The "Original 33" were the first 33 African-American members of the Georgia General Assembly. They were elected to office in 1868, during the Reconstruction era. They were among the first African-American state legislators in the United States. Twenty-four of the members were ministers. Upon taking office, white Democrats, then a minority in the Assembly, conspired with enough white Republicans to expel the African-American legislators from the Assembly in September 1868. The next year, the Supreme Court of Georgia ruled that African Americans had the right to hold office in Georgia. The expelled legislators were reinstated and took office in January 1870.

The 33 are commemorated in the sculpture Expelled Because of Color on the grounds of the Georgia State Capitol.

==History==

Elections in Georgia in 1868 were plagued by widespread Ku Klux Klan violence aimed at murdering or intimidating newly freed African Americans. Freedmen's Bureau officials in Georgia counted 336 cases of murder or assault with intent to kill against freedmen between January 1 and November 15. Still, 33 African Americans — 30 in the lower house, 3 in the state senate — were elected in heavily Black areas, making up about one-sixth of the 197-member legislature.

After losing votes for their preferred candidates for the U.S. Senate, the white majority conspired to remove the black and mixed-ethnicity members from the Assembly on the grounds they were ineligible to hold office under the Georgia Constitution. Most of the black delegates to the state's post-war constitutional convention voted against including into the constitution the right of black legislators to hold office, a vote which Rep. Henry McNeal Turner came to regret.

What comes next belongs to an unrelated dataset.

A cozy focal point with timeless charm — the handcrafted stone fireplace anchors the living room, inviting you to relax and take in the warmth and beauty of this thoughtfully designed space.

The members were expelled by September 1868. The ex-legislators petitioned the federal government and state courts to intervene. In White v. Clements (June 1869), the Supreme Court of Georgia ruled 2-1 that black people did, in fact, have a right to hold office in Georgia. In January 1870, commanding general of the District of Georgia Alfred H. Terry began "Terry's Purge", removing ex-Confederates in the General Assembly who had been elected through election violence or intimidation. He replaced them with Republican runners-up and reinstated the black legislators, resulting in a Republican majority in both houses. From that point, the General Assembly accomplished the ratification of the Fifteenth Amendment, chose new senators to go to Washington, and adopted public education.

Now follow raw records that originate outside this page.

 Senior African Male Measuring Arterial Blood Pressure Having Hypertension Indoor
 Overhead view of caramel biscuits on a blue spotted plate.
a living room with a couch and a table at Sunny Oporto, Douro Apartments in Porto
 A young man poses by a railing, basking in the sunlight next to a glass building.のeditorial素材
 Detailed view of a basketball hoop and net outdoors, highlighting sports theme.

The work of the Republican majority was short-lived, after the so-called "Redeemer" Democrats won majorities in both houses in December 1870. The Republican governor, Rufus Bullock, after trying and failing to reinstate federal military rule in Georgia, fled the state. After the Democrats took office they began to enact harsh recriminations against Republicans and African Americans, using terror, intimidation, and the Ku Klux Klan, leading to disenfranchisement by the 1890s. One quarter of the black legislators were killed, threatened, beaten, or jailed. The last African-American legislator, W. H. Rogers, resigned in 1907. Afterwards, no African American held a seat in the Georgia legislature until civil rights attorney Leroy Johnson, a Democrat, was elected to the state senate in 1962.

==List of legislators==
At that time, each state senator in Georgia represented a single-member district made up of three contiguous counties, numbered from 1 to 44. Population was not considered when drawing state senate districts. Each state representative in Georgia represented a county, with counties having between one and three representatives depending on population.

===Representatives===
- Eli Barnes, Hancock County
- James Ward Porter, Chatham County
- Henry McNeal Turner, Bibb County
- William Guilford, Upson County
- William Henry Harrison, Hancock County
- Thomas M. Allen, Jasper County
- Thomas Beard, Richmond County
- Edwin Belcher, Wilkes County
- George H. Clower, Monroe County
- Abram Colby, Greene County
- Romulus Moore, Columbia County
- John T. Costin, Talbot County
- Madison Davis, Clarke County
- Monday Floyd, Morgan County
- F. H. Fyall, Macon County
- Samuel Gardner, Warren County
- William A. Golden, Liberty County
- Ulysses L. Houston, Bryan County
- James M. Simms, Chatham County
- Philip Joiner, Dougherty County
- George Linder, Laurens County
- Robert Lumpkin, Macon County
- Peter O'Neal, Baldwin County
- Alfred Richardson, Clarke County
- Alexander Stone, Jefferson County
- Abraham Smith, Muscogee County
- John Warren, Burke County
- Samuel Williams, Harris County
- Tunis Campbell Jr., McIntosh County
- Malcolm Claiborn, Burke County

===State senators===
- Rev. Tunis Campbell Sr., of McIntosh County, who also represented Liberty and Tattnall counties. These counties comprised District 2.
- Aaron Alpeoria Bradley, of Chatham, who also represented Bryan and Effingham counties. These counties comprised District 1.
- George Wallace, who represented Hancock, Baldwin, and Washington counties. These counties comprised District 20.

==Recognition==
In 1976, the Original 33 were honored by the Black Caucus of the Georgia General Assembly with a statue that depicts the rise of African-American politicians. It is on the grounds of the Georgia State Capitol in Atlanta.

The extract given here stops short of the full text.